Ik begin deze dag met een Libelle, ik lig weer eens achter met mijn zogenaamde lijfblad en moet nodig even bijlezen. Ik bevind mij ergens tussen kerst en Klaas, zie nog net geen foto’s van grote, mooi gedekte kersttafels vol perfectie en lees nog grappige kinderweetjes over Klaas.
Ik heb niet zoveel met kerst meer en nog minder met Klaas, dus beide sla ik over. Daarbij is het geweest, is het gelukkig januari en mag ik weer gewoon normaal doen.
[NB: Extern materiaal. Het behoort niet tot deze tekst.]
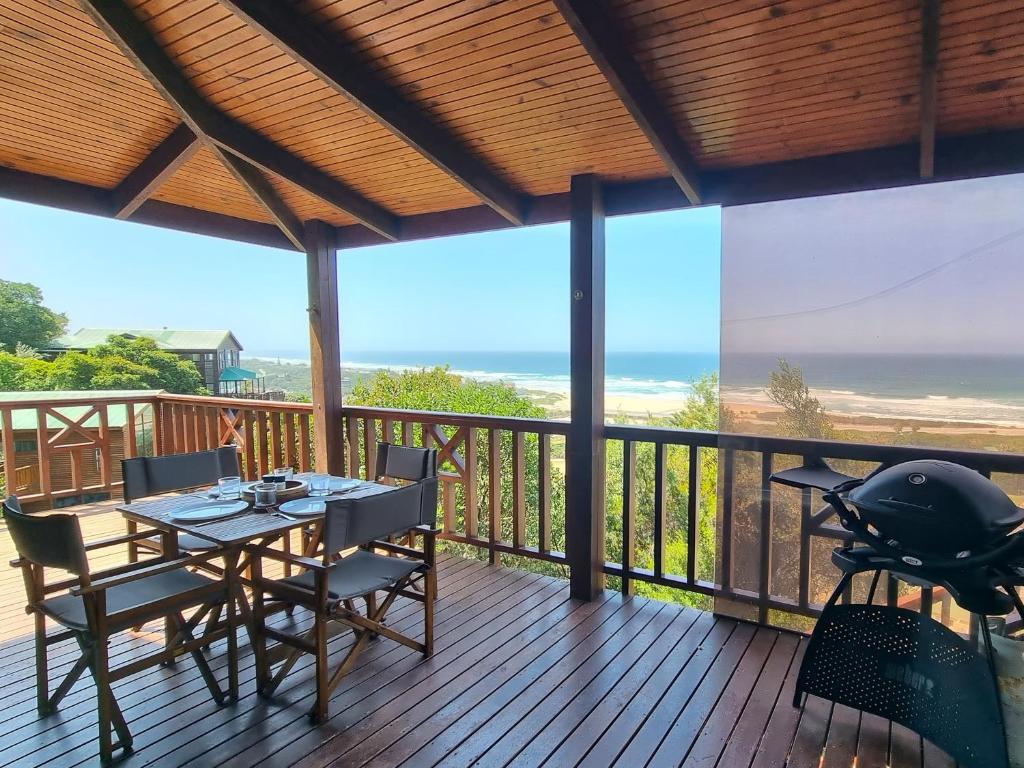 Luxury Studio - 180 Degree Ocean Views - No Loadshedding - Image 10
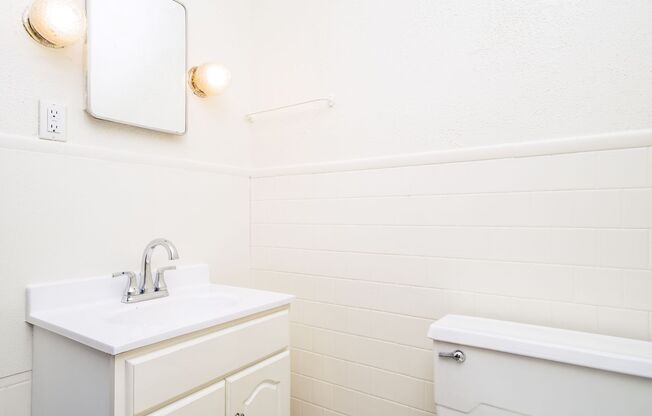 2 beds, 1 bath, 800 sqft, $1,225, Unit 12-C3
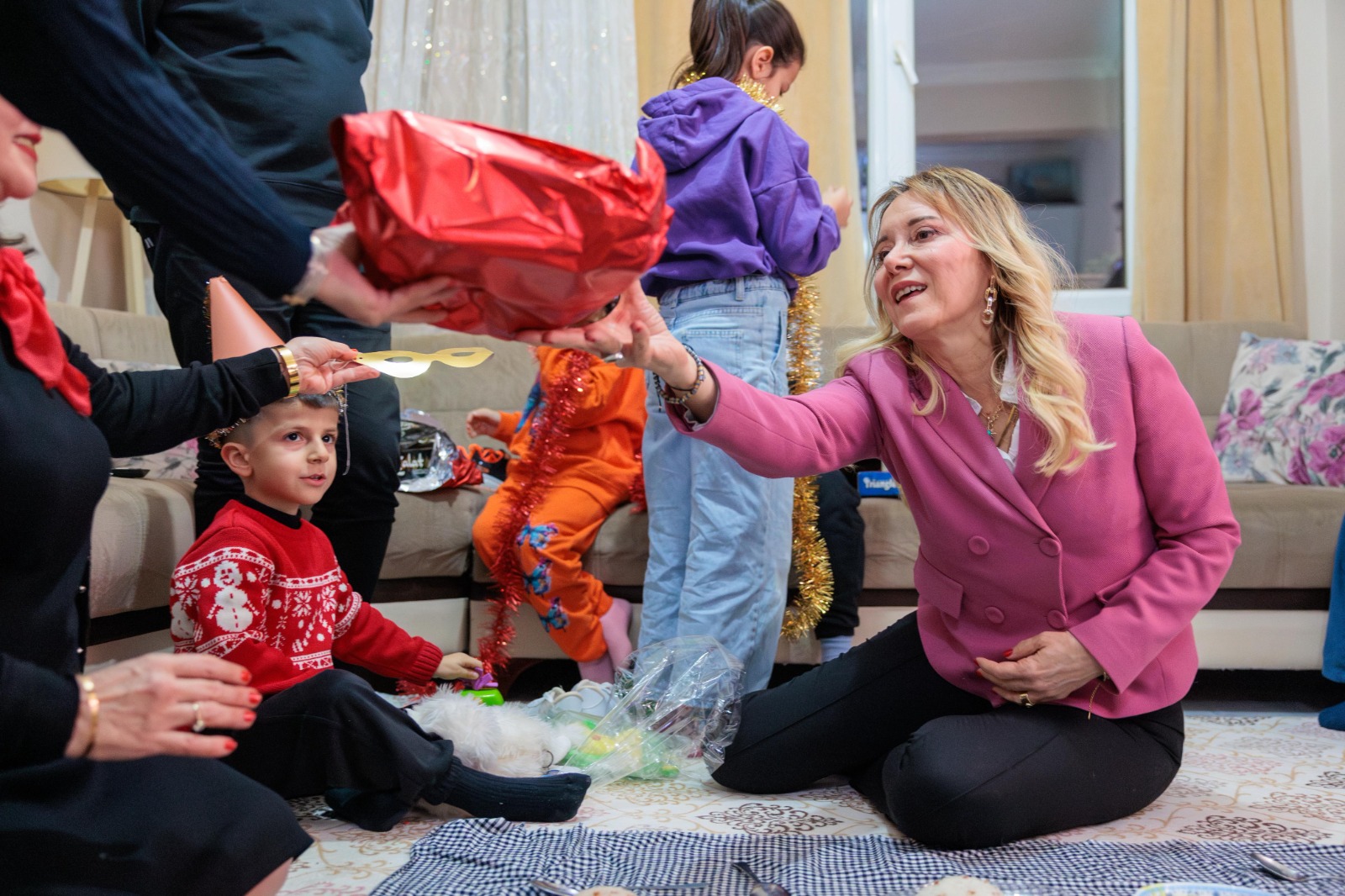 Başkan Mutlu yeni yılı komşularıyla birlikte karşıladı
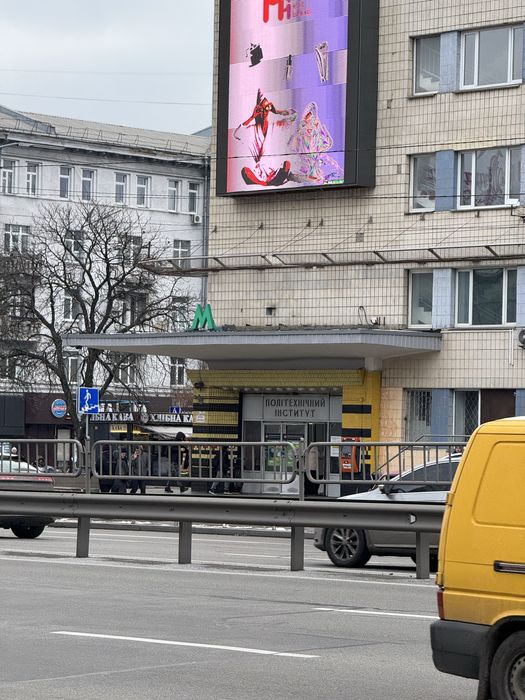 Оренда коммерчес. помещ.110 м, фасад, КПІ, метро ремонт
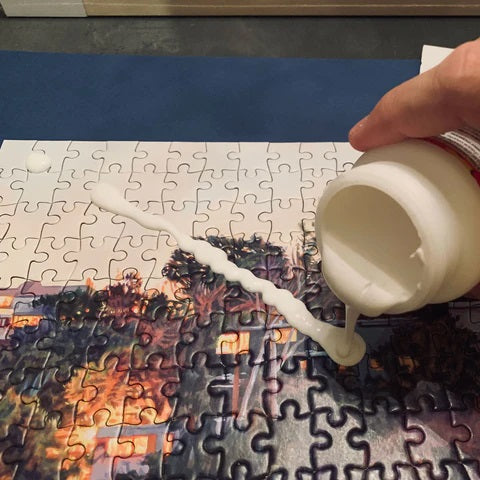 Glue a puzzle
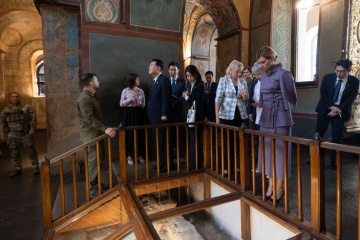 ゼレンシキー宇大統領夫妻、尹韓国大統領夫妻と世界遺産のソフィア大聖堂を訪問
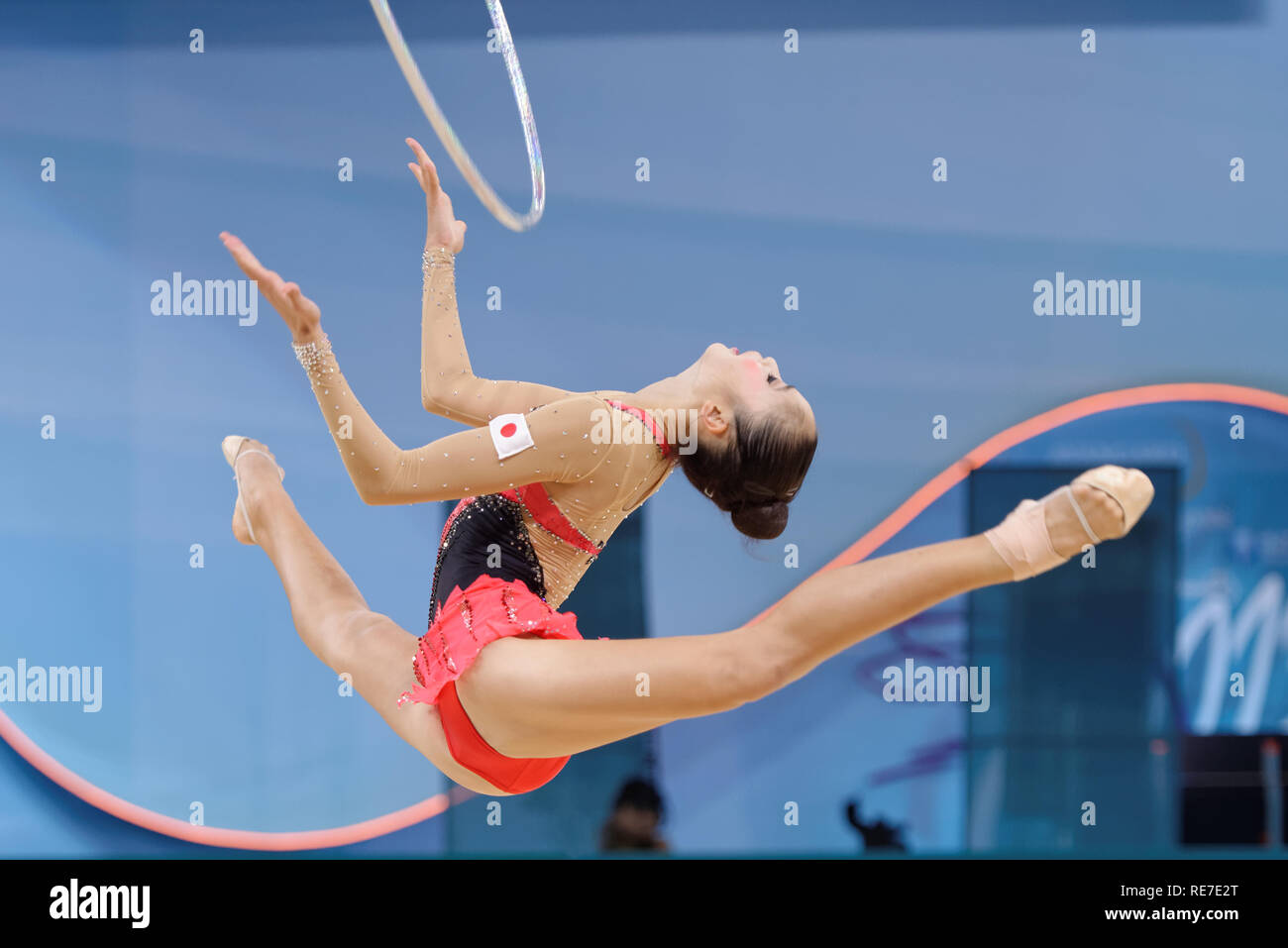 Kiew, Ukraine - 28. August 2013: kaho Minagawa, Japan führt mit Hoop während 32 Rhythmische Gymnastik Weltmeisterschaften. Die Veranstaltung ist in Pal gehalten Stockfoto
Heerlijk!
Ik lees met wat meer interesse een artikel over het aangeven van grenzen. Qua ergernis en irritatie in dit geval, niveautje collega die teveel praat (goh, denk zomaar dat ik dat type collega was) en harde muziek in de trein. Hoe ga ik om met asociaal gedrag, dat werk. Ik lees dat je beter je mond open kunt doen dan als een boer met kiespijn, met de ogen rollend, te zwijgen. Ik ben meer type botte boer die alles benoemt, dus dat probleem heb ik niet. Ik hoor wel dat mensen mij soms te direct schijnen te vinden. Ach, ik ben te oud voor zinloos meepraten, die tijd heb ik gehad. Ik gooi er meestal gewoon uit wat me dwarszit. Ik hoop op een niet te vervelende toon, al weet ik dat er mensen zijn die mij en mijn soms ietwat beterwetende toon uitermate vervelend en irritant vinden. En ja, ik kan ontzettend irritant zijn, zoveel zelfkennis heb ik nog wel.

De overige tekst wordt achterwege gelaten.